• _What to produce_
Leaving the pictures aside, transcribe every line below exactly.

• _Excerpted records_

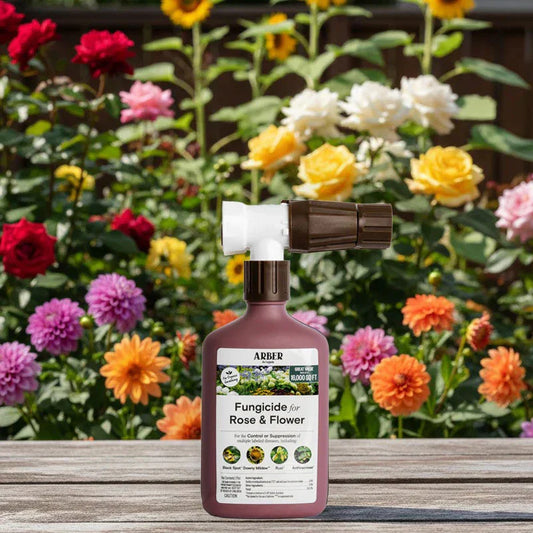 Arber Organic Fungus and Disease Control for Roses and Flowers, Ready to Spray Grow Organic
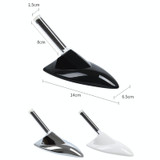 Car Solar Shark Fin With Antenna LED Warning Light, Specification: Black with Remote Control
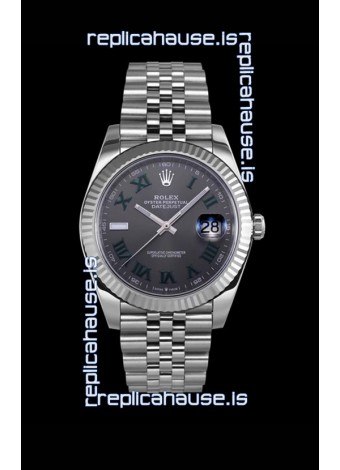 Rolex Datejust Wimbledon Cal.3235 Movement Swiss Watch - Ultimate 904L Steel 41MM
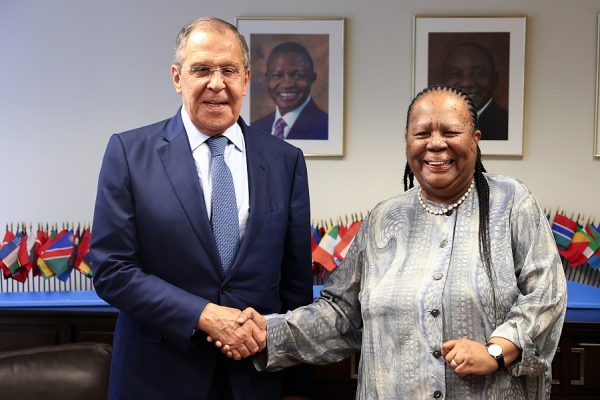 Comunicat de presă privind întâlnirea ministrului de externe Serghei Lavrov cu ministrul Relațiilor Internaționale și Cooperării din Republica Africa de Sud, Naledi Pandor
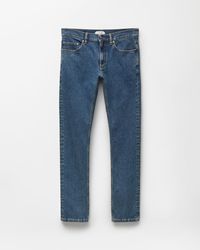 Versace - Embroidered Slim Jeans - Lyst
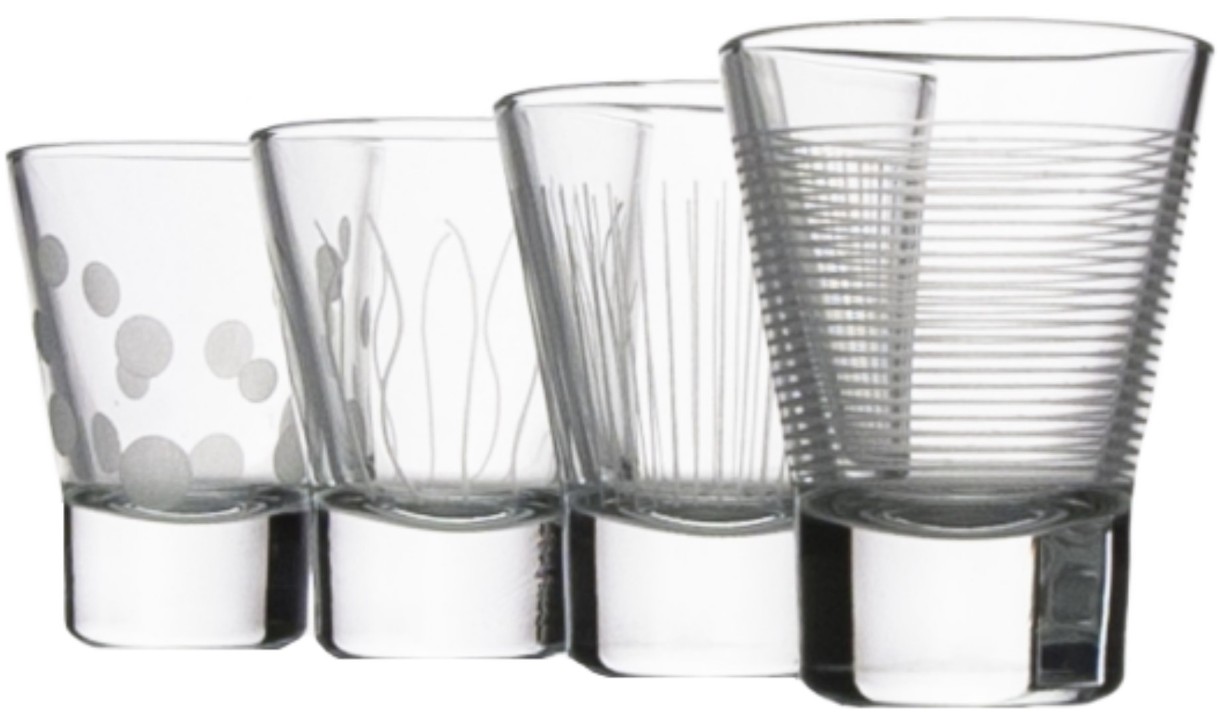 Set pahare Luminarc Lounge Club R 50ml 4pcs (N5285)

• _Written reply_
 Arber Organic Fungus and Disease Control for Roses and Flowers, Ready to Spray Grow Organic
 Car Solar Shark Fin With Antenna LED Warning Light, Specification: Black with Remote Control
 Rolex Datejust Wimbledon Cal.3235 Movement Swiss Watch - Ultimate 904L Steel 41MM
 Comunicat de presă privind întâlnirea ministrului de externe Serghei Lavrov cu ministrul Relațiilor Internaționale și Cooperării din Republica Africa de Sud, Naledi Pandor
 Versace - Embroidered Slim Jeans - Lyst
 Set pahare Luminarc Lounge Club R 50ml 4pcs (N5285)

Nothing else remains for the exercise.